二世帯で生活することを考える場合「二世帯住宅を新築する」という方が圧倒的に多いですが、例えば、すでにある家が新しかったり、延床面積が大きい場合、二世帯住宅へのリフォームを考えられる方もいらっしゃいますよね。
パターンとしては、親世帯の家をリフォームして、そこで親世帯と子世帯が暮らすという感じが多いですね。
二世帯リフォームの最大のメリットは「予算を抑えることができる」ことです。ただ、いくら予算を抑えることができても、その後の生活がうまくいかなければ、リフォームにかかったお金が無駄になってしますので、慎重に検討する必要があります。
というのも、このブログでは何度も書いていますが、二世帯住宅で最も重要なことは「生活音対策を含めたプライバシーの確保」です。
このポイントは、新築でもリフォームでは変わりません。
今回は、「プライバシーの確保」という視点を持ちつつ、二世帯住宅のリフォームについて書かせていただきますので、二世帯住宅をご検討の方は、ぜひ、最後まで読んでみてください。
2012年にローコストハウスメーカーで二世帯住宅を新築。
二世帯住宅での生活(生活歴10年)しながら、最もローコストで理想の二世帯住宅が、どういうものなのか研究。
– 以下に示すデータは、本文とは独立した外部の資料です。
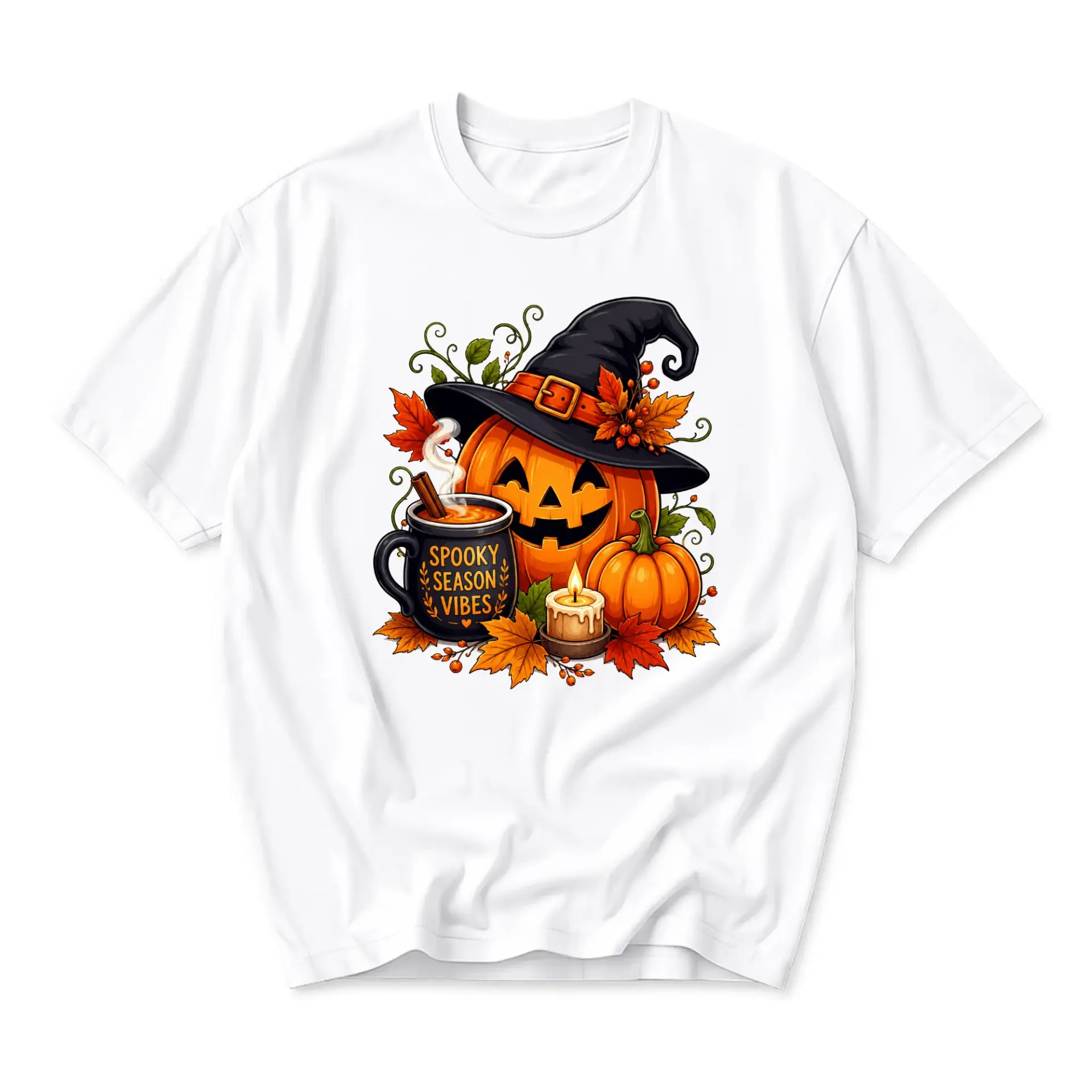 Graphic Tee Spooky Season Vibes Fall Pumpkin Unisex T-Shirt Autumn Harvest Holiday Coffee Mug Crew Neck Casual Apparel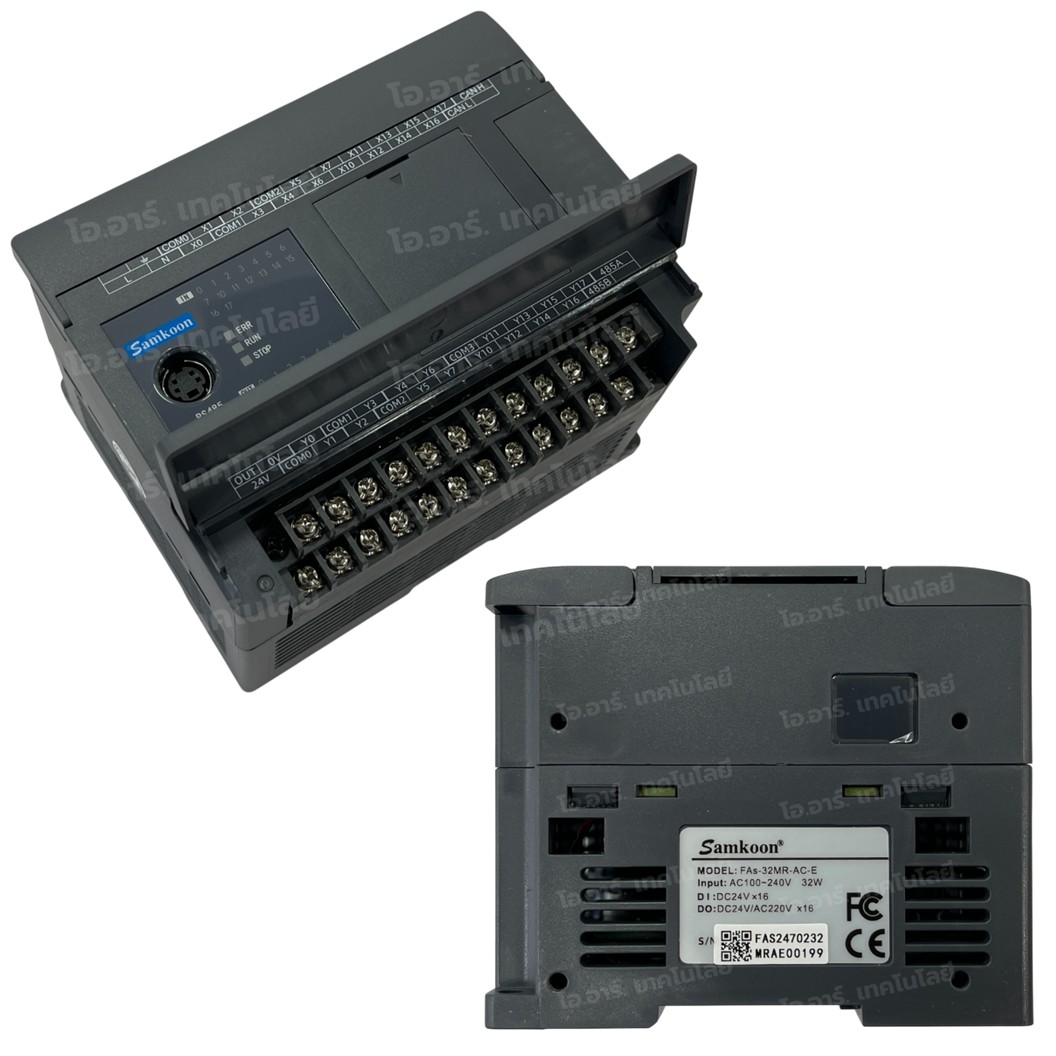 SAMKOON PLC FAs-32MR-AC-E 220VAC 32IO 16IN 16OUT Relay Output บอร์ดอุตสาหกรรม Interfaces: RS232, RS485, Ethernet, USB-C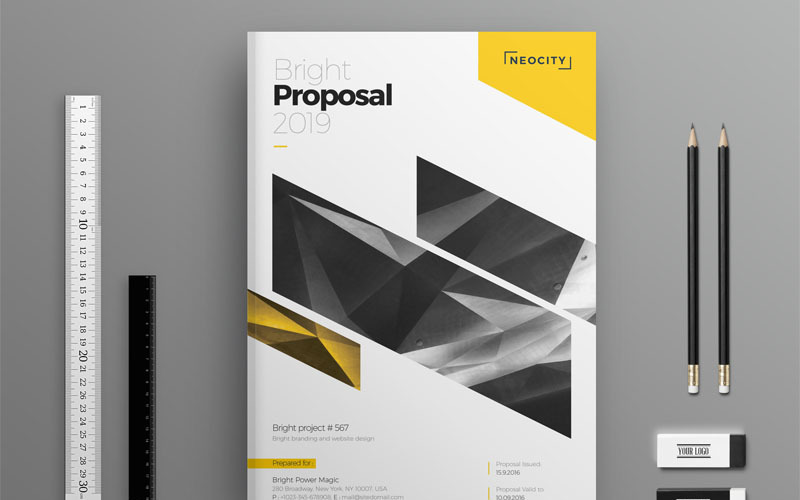 Download Фирменный стиль "Yellow Color Business Proposal - Corporate Identity Template" / Yellow Color Business Proposal - Corporate Identity Template - Фирменный стиль на тему графика proposal annual report book proposal brochure business clean company profile corporate creative a5 conference a4 indesign infographics informational letter marketing
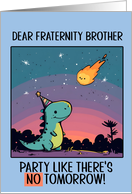 Fraternity Brother Happy Birthday Kawaii Cartoon Dino card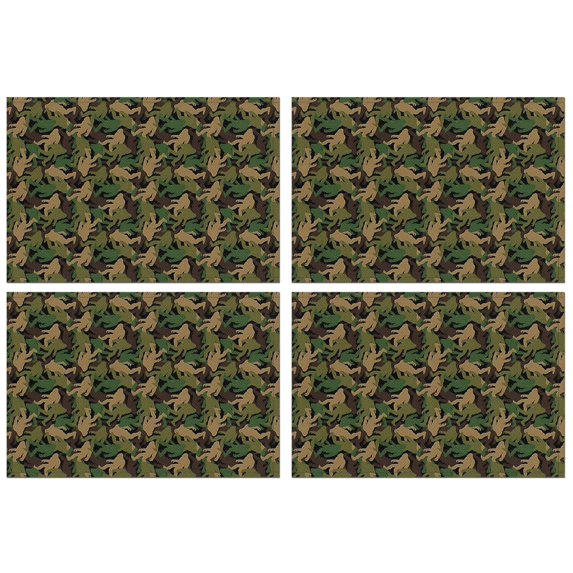 Green Camouflage Bigfoot Pattern Summer Placemats Table Placemats Set Of 4-Linen Kitchen Washable Placemats Table Mats 11.8"x17.7" Non-Slip Heat Resistant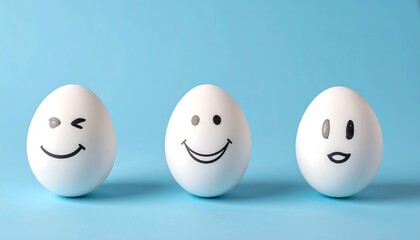 Three white eggs, each with a different expressive emoticon, are arranged against a vivid light-blue background.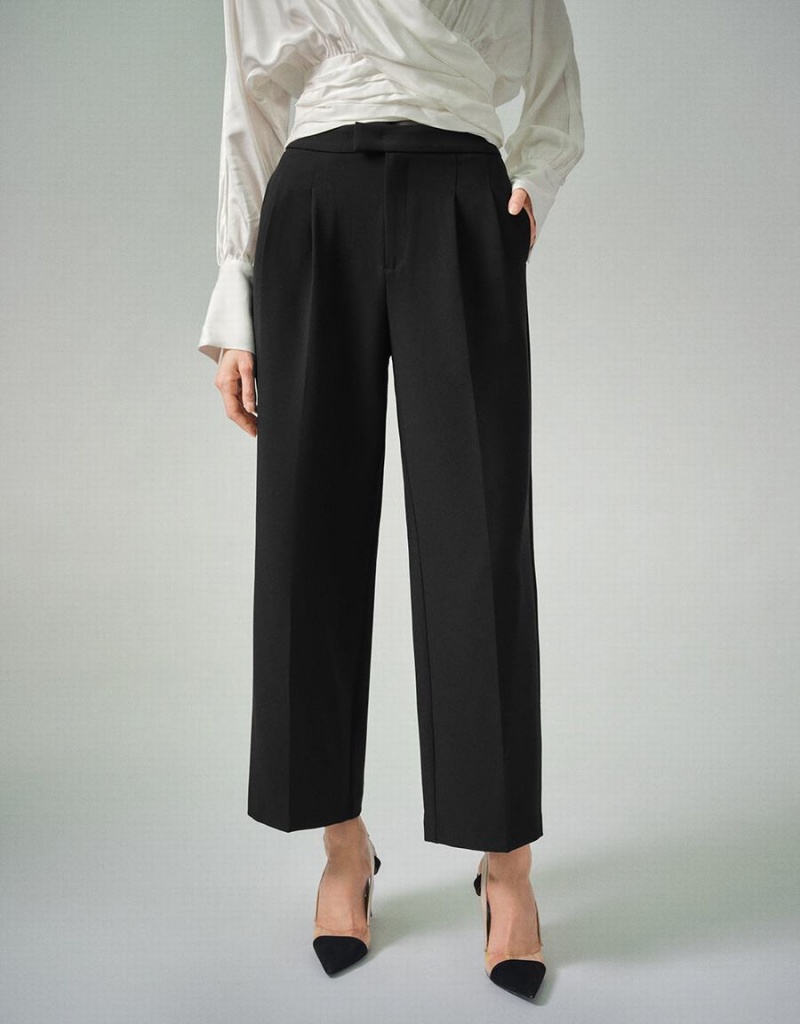 Urban Revivo Tailored Straight Women's Pants Black | TCD9591PC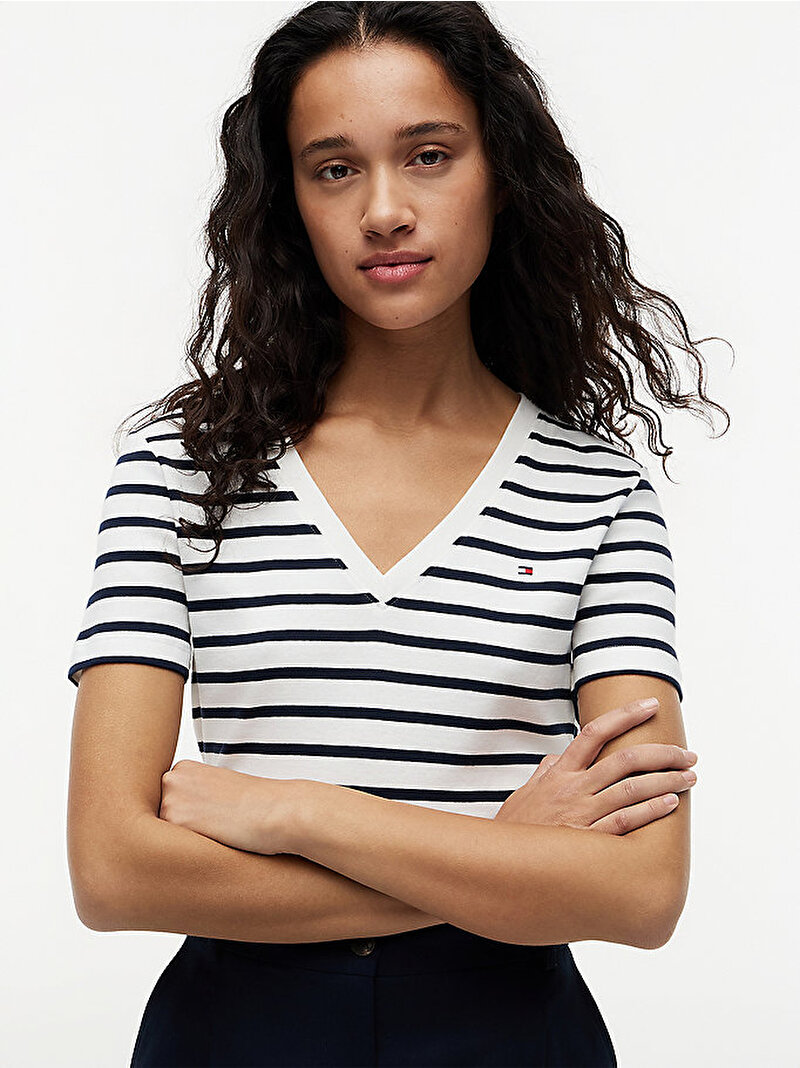 Kadın Slim Cody V-neck T-shirt Çok renkli WW0WW4058403L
実際にローコストハウスメーカーで二世帯住宅を建てた経験とその後の生活の経験を活かし、二世帯住宅の情報を発信中。
一男一女の父親。
二世帯のリフォームを検討するケースは?
二世帯住宅へのリフォームを検討するケースは限られていて、基本的には親世帯の暮らす家をリフォームして二世帯で暮らそうということですね。
理由としては
- 子世帯の収入が少なく単世帯で生活するのが厳しい
- 子世帯の収入では家を購入することができない
- 親世帯と子世帯が離れて暮らすよりも経済的だから
- 二世帯住宅を検討したいけど、今の家が新しいからリフォームで
などです。本当は二世帯住宅を新築で検討したいところですが、すでに暮らしている家の状況や予算的なことを考えると二世帯リフォームの方が経済的という結論に至るわけです。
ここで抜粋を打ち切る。